**Provided data**
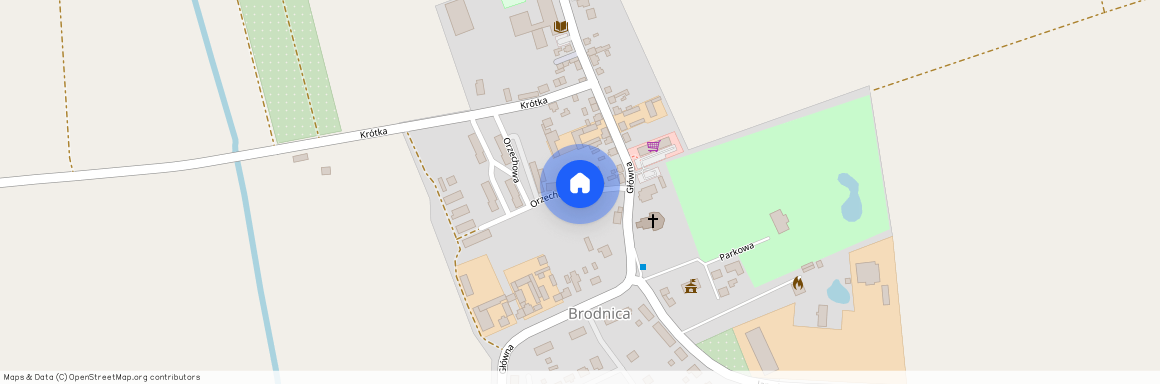 Brodnica, Brodnica, śremski, wielkopolskie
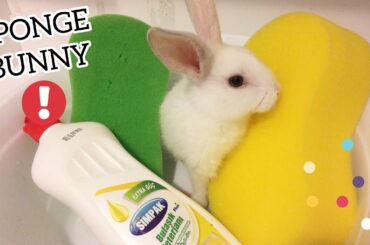 ✨ {Sponge ASMR HUGE BABY BUNNY }Soapy Sponge 🌳 Cute Bunny wash💓Squeezing ASMR RABBIT
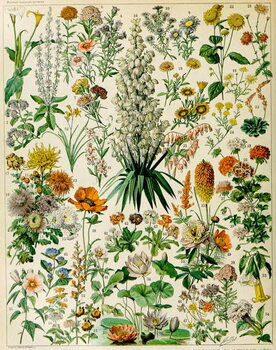 Cuadros en Lienzo Illustration of flowering plants c.1923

**Problem**
Without changing a word, retype the data above and omit its pictures.

**The completed task**
 Brodnica, Brodnica, śremski, wielkopolskie
 ✨ {Sponge ASMR HUGE BABY BUNNY }Soapy Sponge 🌳 Cute Bunny wash💓Squeezing ASMR RABBIT
 Cuadros en Lienzo Illustration of flowering plants c.1923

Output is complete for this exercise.